Mais rejeter l’ensemble du rapport comme un simple marketing d’introduction en bourse manque l’essentiel. Les références externes sont vérifiables de manière indépendante. SWE-bench, le test standard d’ingénierie logicielle dans le monde réel, est passé de faibles pourcentages à un seul chiffre à la saturation en deux ans. CORE-Bench, qui mesure la capacité à reproduire des recherches existantes, a saturé en 15 mois. Ce ne sont pas les chiffres d’Anthropic — ce sont ceux du domaine.

Ce que cela signifie

L’implication pratique n’est pas que « l’IA remplace les ingénieurs ». C’est que le goulot d’étranglement passe de l’écriture du code à la décision du code à écrire. L’architecture, la spécification, la révision et l’alignement deviennent les activités humaines à forte valeur ajoutée. La frappe est de plus en plus assurée par le modèle.

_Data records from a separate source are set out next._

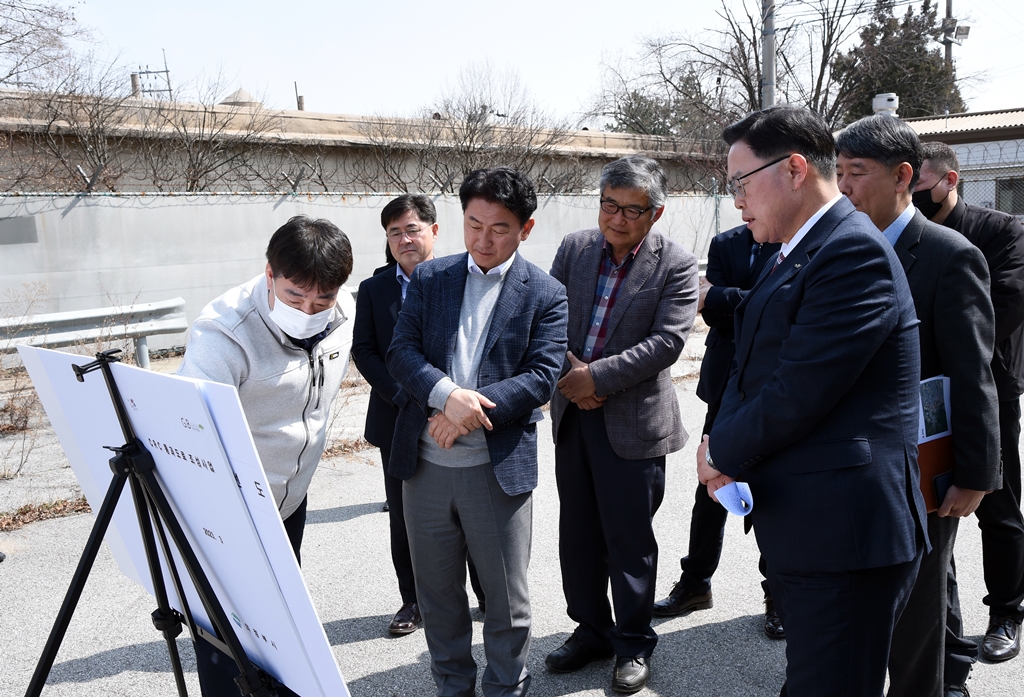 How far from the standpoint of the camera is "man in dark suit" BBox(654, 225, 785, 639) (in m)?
3.83

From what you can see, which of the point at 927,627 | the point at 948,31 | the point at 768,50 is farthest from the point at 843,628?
the point at 948,31

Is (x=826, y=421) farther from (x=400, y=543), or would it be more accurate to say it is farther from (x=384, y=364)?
(x=400, y=543)

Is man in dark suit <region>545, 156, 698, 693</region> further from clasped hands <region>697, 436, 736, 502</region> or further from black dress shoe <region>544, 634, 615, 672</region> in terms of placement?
clasped hands <region>697, 436, 736, 502</region>

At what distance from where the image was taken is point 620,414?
338 cm

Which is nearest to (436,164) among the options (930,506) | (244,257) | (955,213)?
(244,257)

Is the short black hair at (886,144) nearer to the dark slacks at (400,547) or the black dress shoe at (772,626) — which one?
the black dress shoe at (772,626)

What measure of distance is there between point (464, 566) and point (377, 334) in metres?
1.35

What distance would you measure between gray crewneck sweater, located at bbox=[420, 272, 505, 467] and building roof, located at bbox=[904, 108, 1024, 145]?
68.4ft

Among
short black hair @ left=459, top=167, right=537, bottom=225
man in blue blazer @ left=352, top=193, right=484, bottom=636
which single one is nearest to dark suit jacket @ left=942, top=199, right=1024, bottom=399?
short black hair @ left=459, top=167, right=537, bottom=225

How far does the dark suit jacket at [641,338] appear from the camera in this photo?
332 centimetres

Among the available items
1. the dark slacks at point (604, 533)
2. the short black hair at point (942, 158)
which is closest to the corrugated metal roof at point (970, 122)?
the short black hair at point (942, 158)

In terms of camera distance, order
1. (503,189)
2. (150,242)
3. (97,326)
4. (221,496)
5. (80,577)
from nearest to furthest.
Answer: (221,496) < (80,577) < (503,189) < (97,326) < (150,242)

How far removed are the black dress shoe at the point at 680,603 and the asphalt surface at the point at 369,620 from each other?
43mm

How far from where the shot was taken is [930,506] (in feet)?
8.77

Pour les entreprises qui observent depuis les coulisses, la prescription en trois étapes d’Anthropic — passer à la supervision architecturale, automatiser la révision du code et cibler la dette opérationnelle à volume élevé avec des agents autonomes — devient le manuel standard. La question n’est plus de savoir s’il faut adopter des agents de codage IA, mais si l’infrastructure de révision et d’alignement de votre organisation peut suivre le rythme de leur production.

La question plus profonde, celle avec laquelle Anthropic se débat publiquement, est de savoir si quiconque le peut.


Sources : Rapport de l’Anthropic Institute « When AI Builds Itself » (4 juin 2026) ; VentureBeat ; Tom’s Hardware ; Wall Street Journal.